日本では、多様性という言葉が急速に広がった一方で、その意味や背景についての理解が浅いまま、スローガン的に使われている場面が多く見受けられます。例えば、「LGBTQに配慮した企業」「外国人を受け入れる地域社会」など、形式的な枠組みや制度の整備は進んでいるように見えますが、そこで暮らす人々の“心のありよう”はどうでしょうか。

多くの場合、「違いを受け入れましょう」「誰一人取り残さないようにしましょう」といったメッセージは、もはや“正しいこと”として疑う余地のないものになっています。しかし、心の中では「どう接すればいいかわからない」「自分の価値観を否定される気がする」といった戸惑いや疲労感を覚えている人も少なくありません。これが、いわゆる“ポリコレ(ポリティカル・コレクトネス)疲れ”とも呼ばれる現象なんでしょうね。

■「異質さ」と向き合う経験の不足

日本社会は、長いあいだ“空気を読む”文化を大切にしてきました。和を重んじることは社会の安定に寄与してきた一方で、異質なものに対しては、暗黙のうちに距離を置いたり、見て見ぬふりをしたりする傾向も育んできたのです。

たとえば、精神的な障がいを持つ人と自然に接する経験のある人は、まだ少数派です。また、性の多様性に関する情報を学校でしっかり学ぶ機会も乏しく、結果として、偏見や無知からくる戸惑いが根深く残ってしまいます。

制度としての配慮は進んでいるのに、日常生活のなかでの「自然な関わり」や「安心して違いを話せる空気」は、なかなか育っていないのが現状です。

■「幸せ」の実感とつながらない多様性

本来、多様性の推進は、社会に生きる誰もが「自分らしく生きられる」「違いを気にせず安心して過ごせる」という状態を目指すものであり、それはまさに“幸せ”の基盤であるはずです。しかし、日本では多様性と幸せが別々の問題として扱われているように思えます。
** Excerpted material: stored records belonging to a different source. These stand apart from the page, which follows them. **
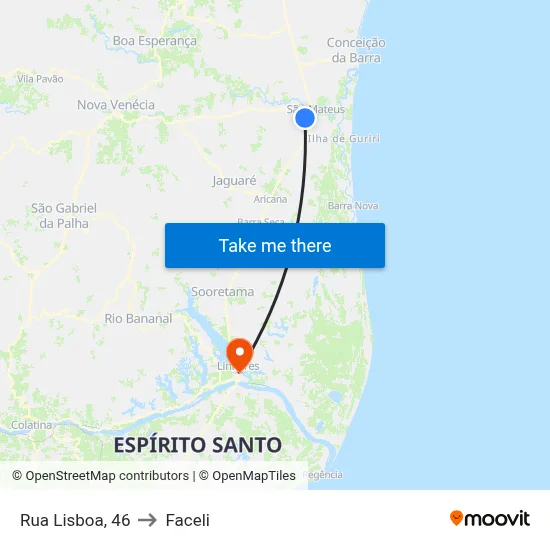 Rua Lisboa, 46 to Faceli map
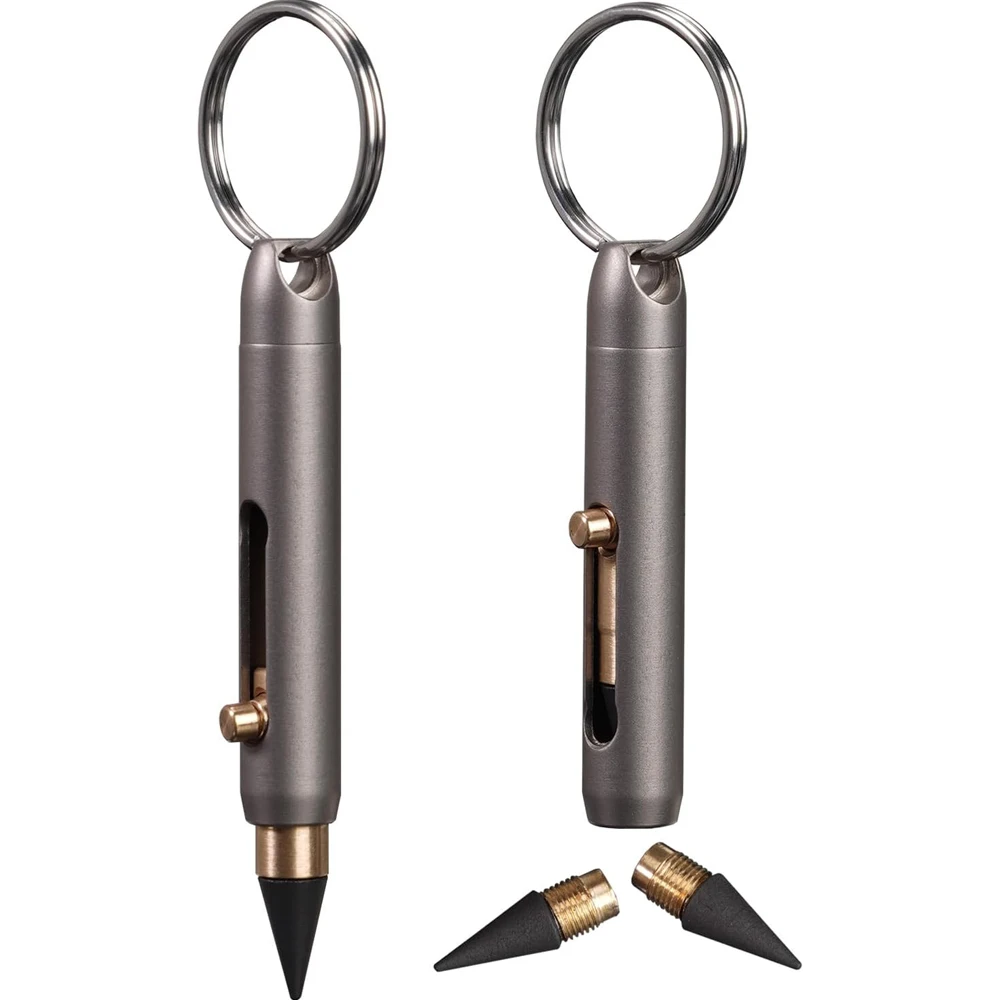 Mini Titanium Alloy Infinity Pencil, Inkless Writing Tool with Graphite Tip, 2.32 Inch Open Length Keychain Design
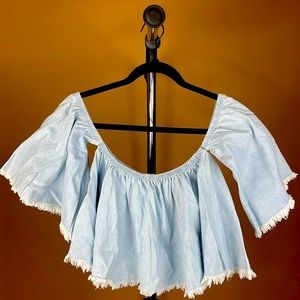 Fashion Nova - Baby Blue Crop Top S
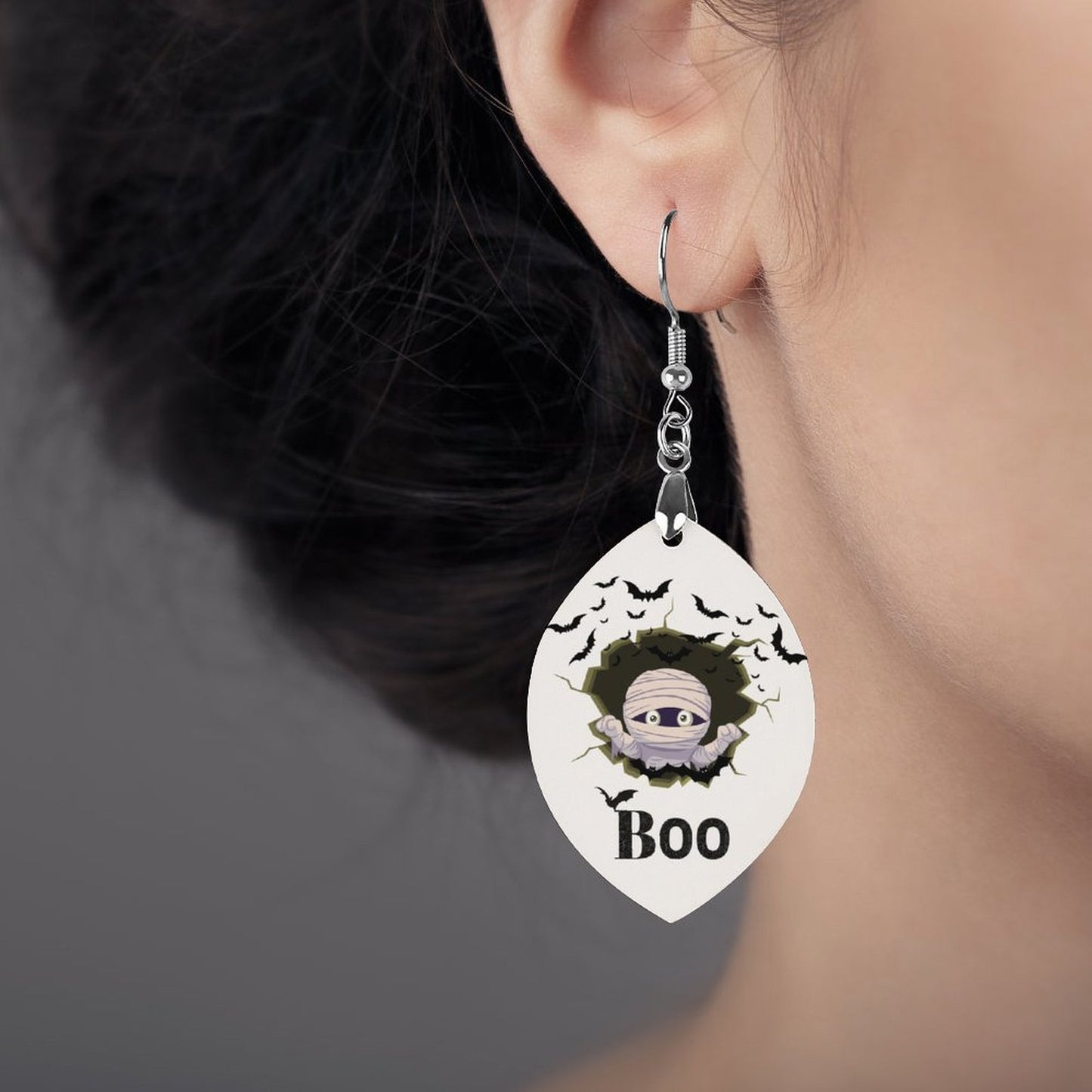 "BOO"- Wooden Earrings Pendant (Apricot Shape)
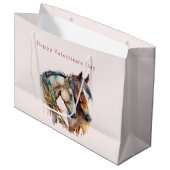 Zwei schöne Pferde Western Boho Valentine's Day Große Geschenktüte (Vorderseite Schrägansicht)
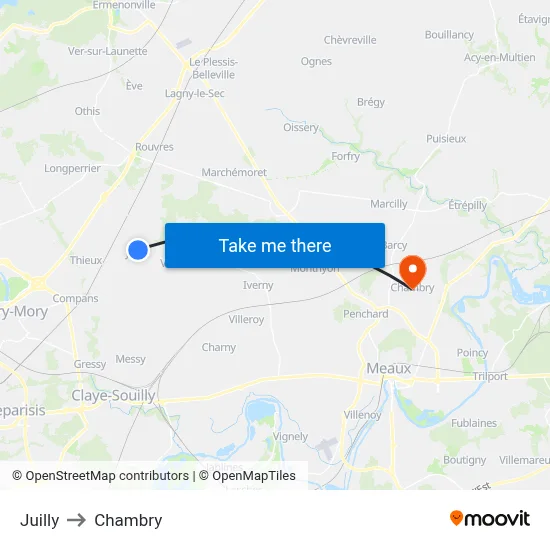 Juilly to Chambry map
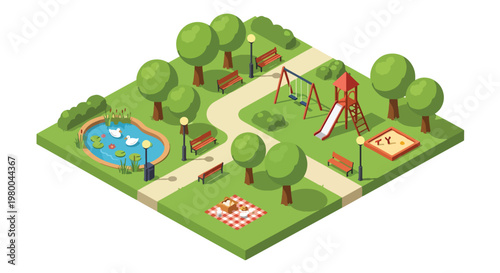 3D isometric view flat style illustration of green public park with pond, trees, walking paths and benches, peaceful outdoor urban recreation environment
行政や企業が発信する言葉の多くは、「多様性は経済成長やイノベーションに貢献する」といった機能的な視点に偏っています。「多様性があるからこそ、私たちは日常に豊かさを感じられる」「異なる人と出会うことで、自分の世界が広がる」といった、感情や実感に根ざした言葉が、もっとあってもいいのではないでしょうか。

「違いを認めましょう」という言葉が、実は無言の“圧”となって、誰もが本音を言えなくなっているとすれば、それは本末転倒です。多様性の推進が、「人と違うことへの不安」を減らし、「誰かと違う自分でもいいんだ」と思える安心感につながらなければ、幸せとは呼べないのではないかと私は思います。

■これから求められる視点:「関係性」と「実感」

多様性が人々の幸せにつながる社会を実現するためには、制度や理念だけでなく、「日常の関係性」や「心の実感」に根ざした取り組みが欠かせません。つまり、「多様性の尊重」ではなく、「多様性との対話」が求められているのです。
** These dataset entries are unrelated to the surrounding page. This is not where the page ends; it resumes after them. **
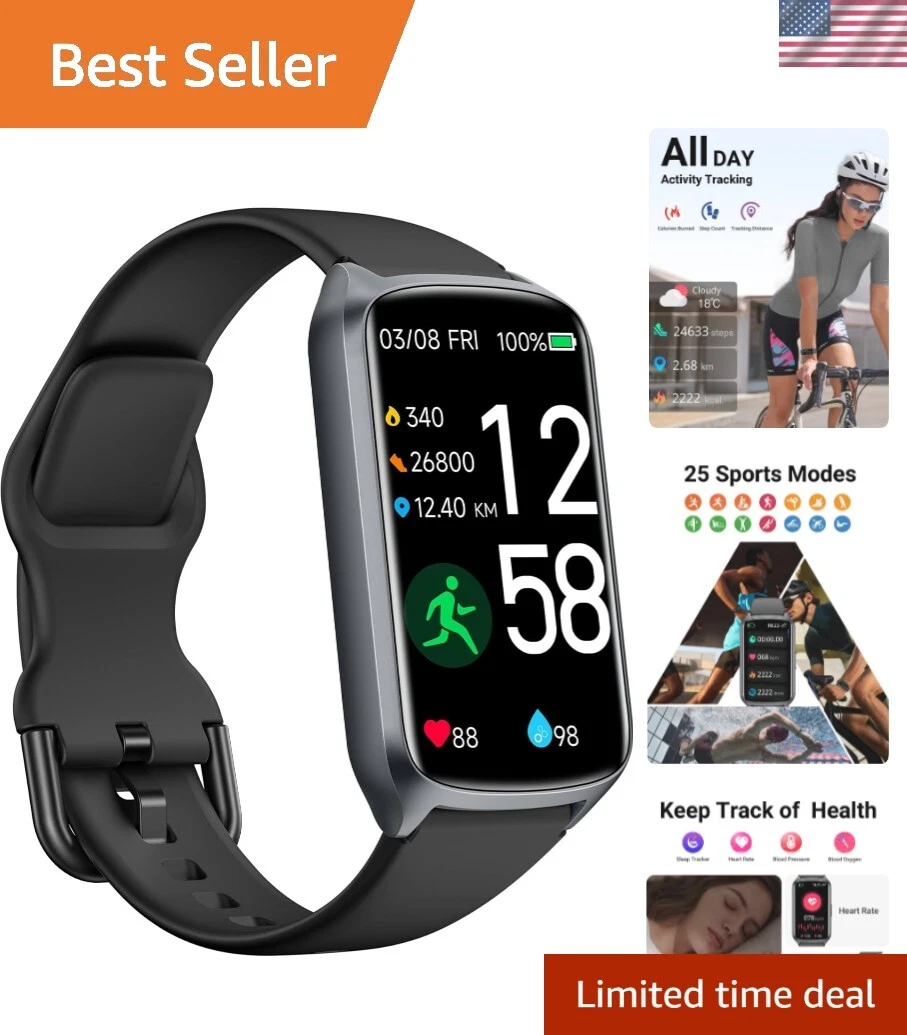 Fitness Tracker with 24/7 Heart Rate & Blood Oxygen Monitoring, 5ATM Waterproof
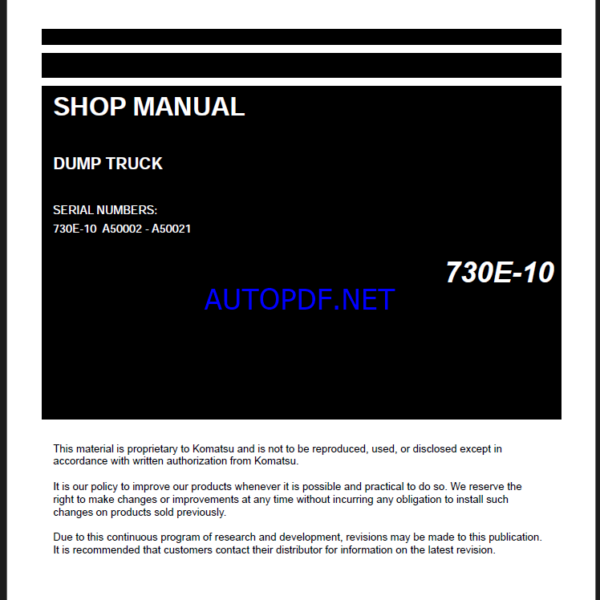 Komatsu 730E-10 Rigid Dump Truck Shop Manual (CEBM033410) (SN A50002-A50021)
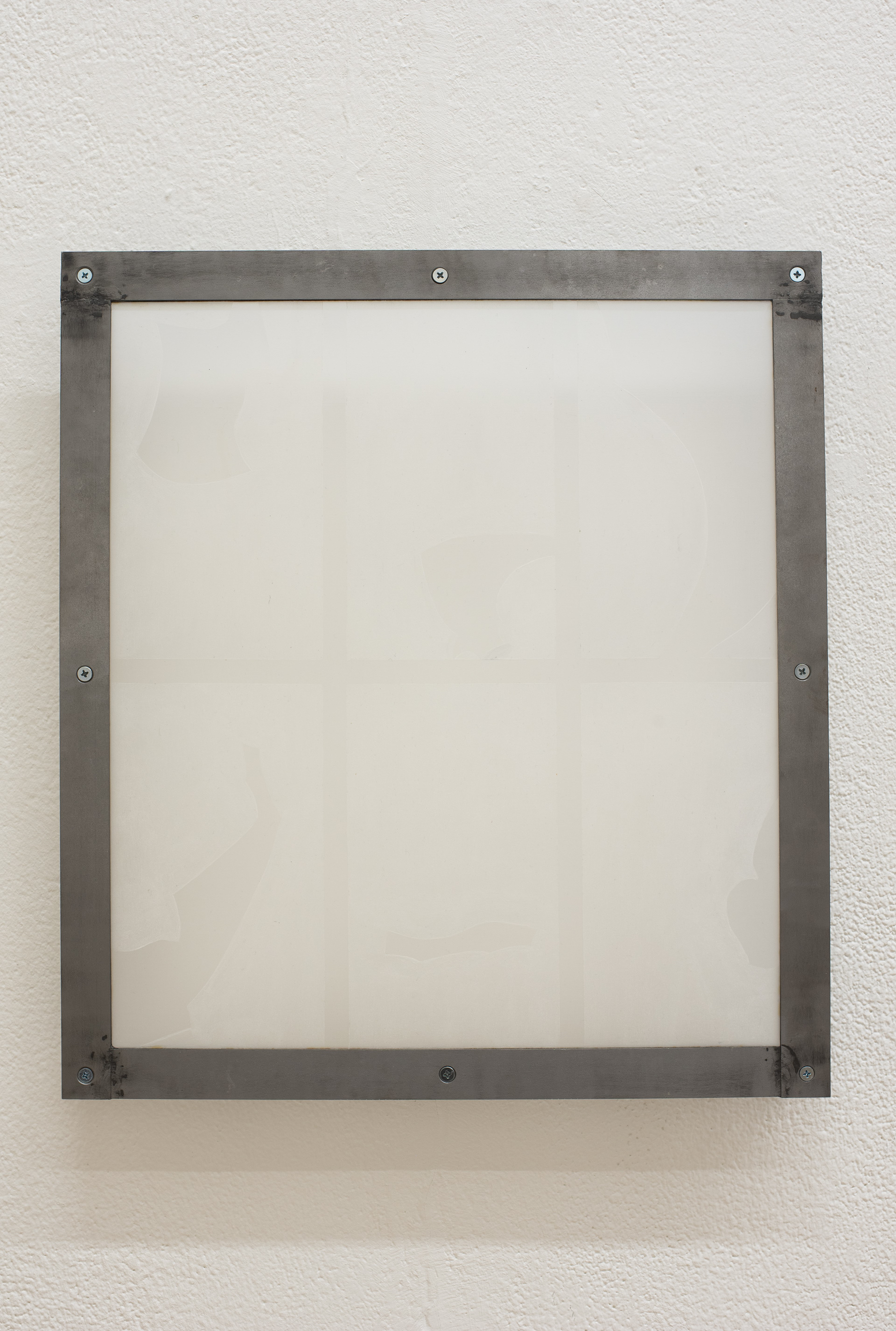 "concentrate" - steel, silk, mixed media - 50x46cm - 2025 - Vienna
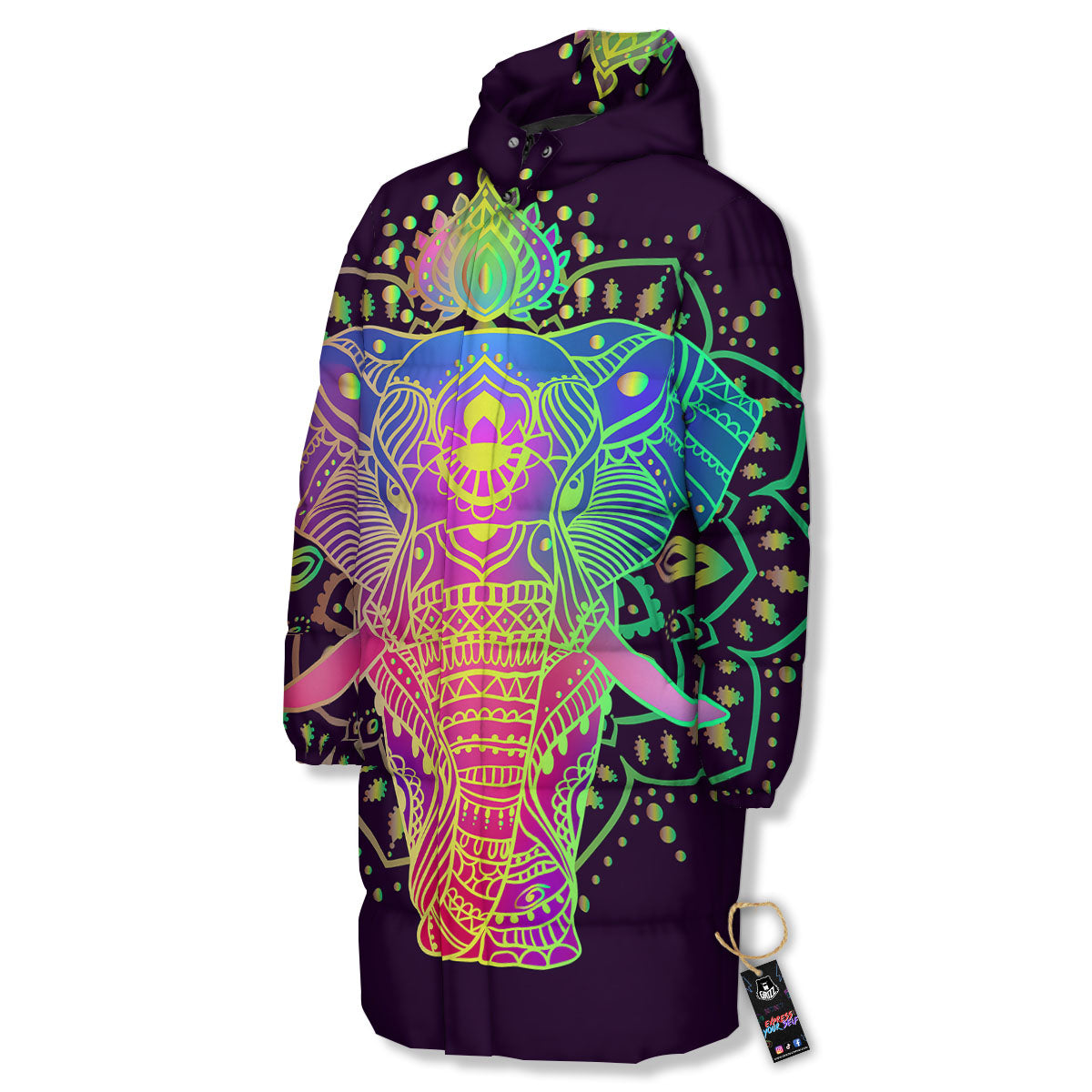 Hippie Elephant Indian Boho Print Long Down Jacket-grizzshop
学校では、子どもたちが自分の気持ちや背景を語れるような“場づくり”が必要です。企業では、社員一人ひとりが「ここにいてもいい」と感じられる心理的安全性の確保が欠かせません。そして地域社会では、世代や文化、身体的特性などが異なる人々が、自然に出会い、緩やかにつながれるような仕掛けが重要になります。

こうした「心のゆとり」や「人との温かいつながり」が、多様性の真の価値を引き出し、人々の幸せにつながっていくのではないでしょうか。


■おわりに

「多様性推進」と「幸せ」は、本来一体であるべきものです。しかし現状では、制度と実感、理念と暮らしのあいだに、大きな距離があります。そのギャップを埋めるには、私たち一人ひとりが「なぜ違う人と共に生きることが大切なのか」「そのことがどんな幸せをもたらしてくれるのか」を、自分の言葉で語り直す必要があります。

多様性は、「他人のため」ではなく、「自分自身の幸せのため」にこそ大切なものなのだと、私は信じています。